## SOURCE INFORMATION
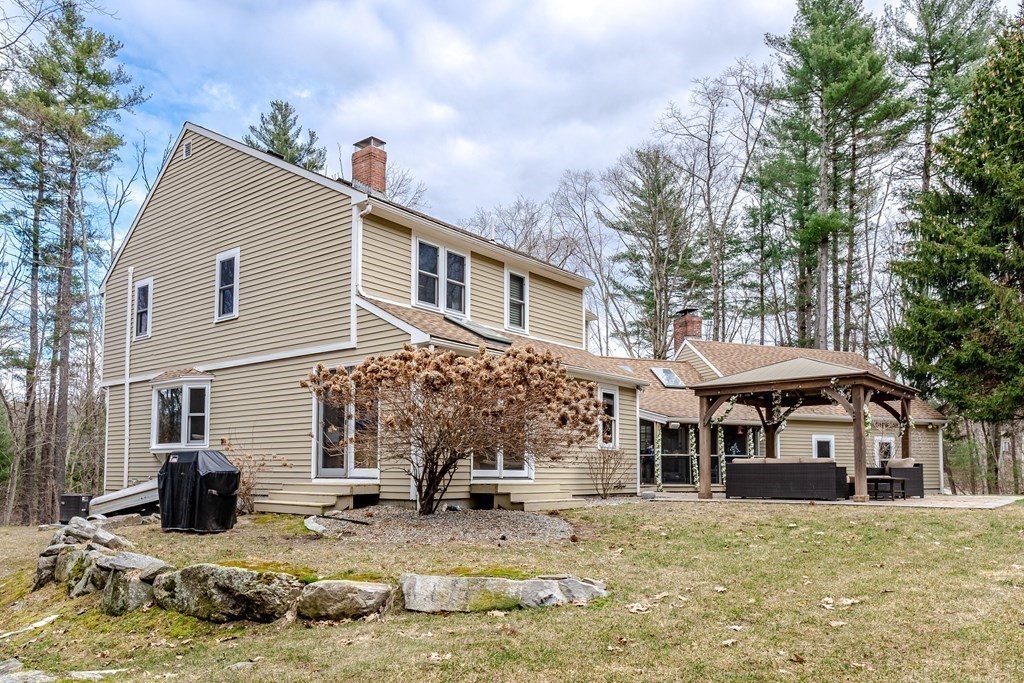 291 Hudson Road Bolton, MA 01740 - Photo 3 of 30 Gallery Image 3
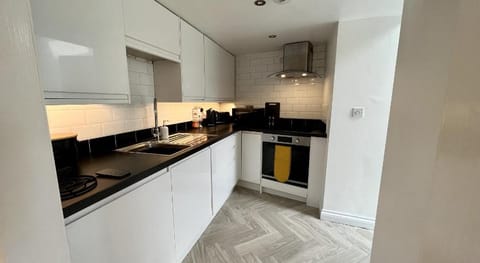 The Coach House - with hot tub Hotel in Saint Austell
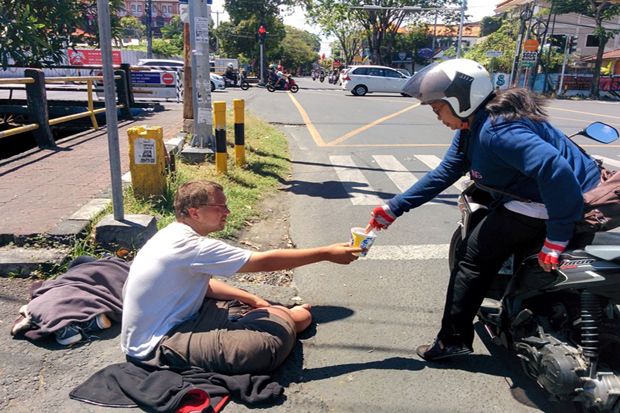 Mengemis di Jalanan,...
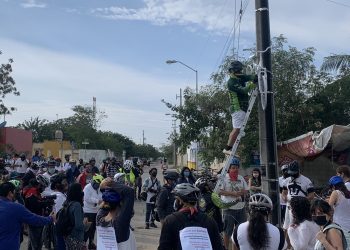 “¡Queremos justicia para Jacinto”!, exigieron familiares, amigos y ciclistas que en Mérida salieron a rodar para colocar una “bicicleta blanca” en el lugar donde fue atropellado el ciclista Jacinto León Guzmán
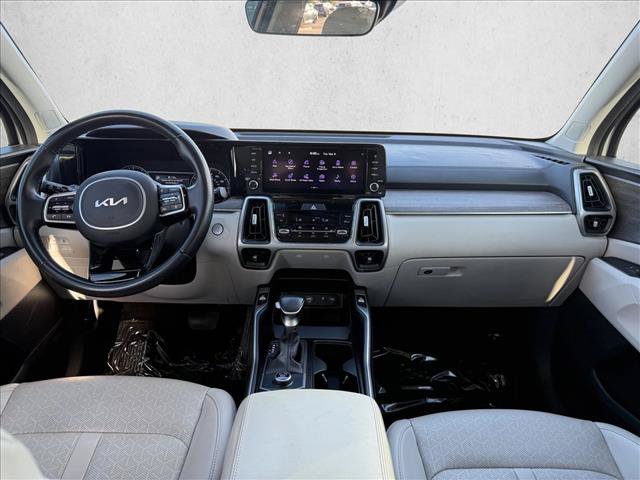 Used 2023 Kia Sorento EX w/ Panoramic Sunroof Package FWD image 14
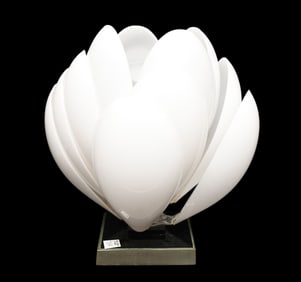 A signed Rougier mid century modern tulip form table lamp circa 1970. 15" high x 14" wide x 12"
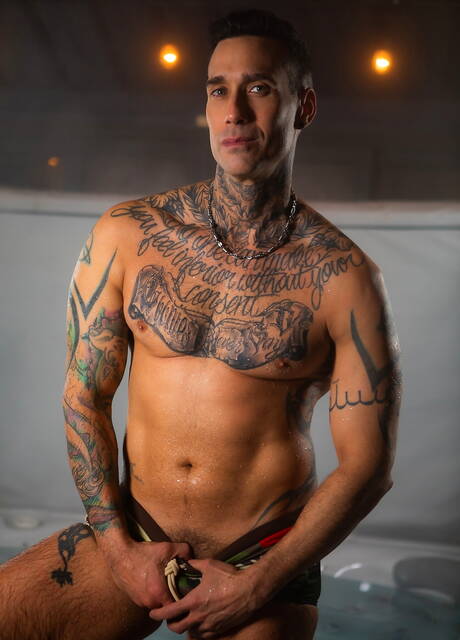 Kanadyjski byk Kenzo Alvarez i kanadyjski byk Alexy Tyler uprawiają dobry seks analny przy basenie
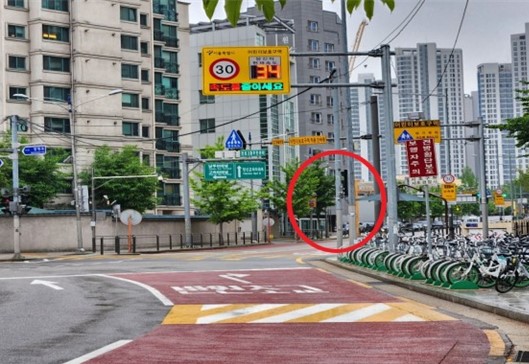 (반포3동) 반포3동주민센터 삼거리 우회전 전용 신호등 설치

==

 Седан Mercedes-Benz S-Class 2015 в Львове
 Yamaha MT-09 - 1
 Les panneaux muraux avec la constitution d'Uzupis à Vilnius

...

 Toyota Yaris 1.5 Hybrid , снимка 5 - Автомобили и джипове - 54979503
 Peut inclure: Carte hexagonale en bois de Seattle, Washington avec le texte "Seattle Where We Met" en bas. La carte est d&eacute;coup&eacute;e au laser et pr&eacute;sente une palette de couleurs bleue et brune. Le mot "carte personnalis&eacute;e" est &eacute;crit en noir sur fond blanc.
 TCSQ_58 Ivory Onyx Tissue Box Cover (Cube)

## YOUR INSTRUCTIONS
Once you find the line with "Yamaha MT-09 - 1" in the entries above, output it and each line after it up to and including the line with "Les panneaux muraux", and nothing else.

## ANSWER TO THIS TASK
 Yamaha MT-09 - 1
 Les panneaux muraux avec la constitution d'Uzupis à Vilnius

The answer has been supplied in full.